I think they're dry enough to dry a little more...

Reactions: Funny 4


----------



## justallan (Mar 26, 2015)

What is a good MC to shoot for on slabs that I want to make a clock or table out of? I much rather let them sit awhile longer than strip the sealer off and have them crack all to heck. Any help is appreciated.


----------



## manbuckwal (Mar 26, 2015)

I would say 10% or less, less would be better . That being said, you may or may not be able to reach that air drying in your area without "drying" them in a kiln . Not sure how big your clock is going to be, but you could cut it to length and dry in an old oven or perhaps build you a small kiln . @Treecycle Hardwoods might have some ideas ?

Reactions: Thank You! 1


----------



## Treecycle Hardwoods (Mar 26, 2015)

justallan said:


> I have a couple slabs that I've stashed away that I want to make something out of and am wondering if you all think they are dry enough yet.
> They are flamed box elder burl about 2x18x36, or there about, and are at 14%.
> Do you all think they are safe to surface and use?
> If you need any more info, please ask.


Is it waxed and reading 14% I have found that AS will skew my moisture meter. If it is unwaxed and reading 14% I would say you should wait a little longer. In my neck of the woods EMC is 10-12% and that will be the best I could accomplish with just air drying alone unless we had several weeks of really dry weather come thru then it might dip below 10% for MC. If you know what your local EMC is that will give you a good idea when it is dry enough to work with.

Reactions: Thank You! 1


----------



## Kevin (Mar 26, 2015)

What's not being discussed is what will be the average RH will where it'll be placed in service. I don't know what your RH is right now, but if it's 75% then your MC of 14% is EMC and will not dry further unless you force it out (with a kiln). If you build it now with 14% MC and this winter the RH in the space where it goes into service goes down to a typical heated home RH of say 25 to 30% then the MC in the wood will drop to around 5% and the piece will likely crack pretty badly. 
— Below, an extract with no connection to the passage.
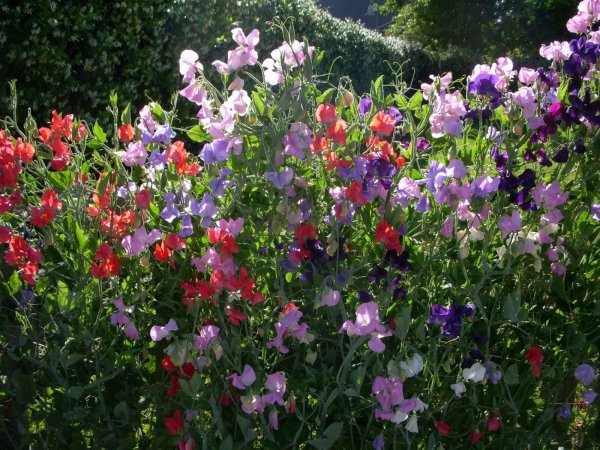 Душистый горошек Вьюн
I would try to get it down to 8 or 9% and then build with it. That gives it less movement either way once placed into service and a better chance to stay together.

Reactions: Thank You! 1


----------



## Final Strut (Mar 26, 2015)

Treecycle Hardwoods said:


> In my neck of the chicken lip pies



Your neck of the what?!?!?

Reactions: Funny 3


----------



## steve bellinger (Mar 27, 2015)

Allan with these being fairly small, I would bring them in the house, weigh them and check weight till they stopped loosing weight. I do this with my turned pieces all the time and I know a lot of folks do the same thing. Also if you have a microwave big enough to hold these, don't be afraid to use it. If using a MW "DON'T" try drying them to fast. I also do this in conjunction with the weight thing.

Reactions: Thank You! 1


----------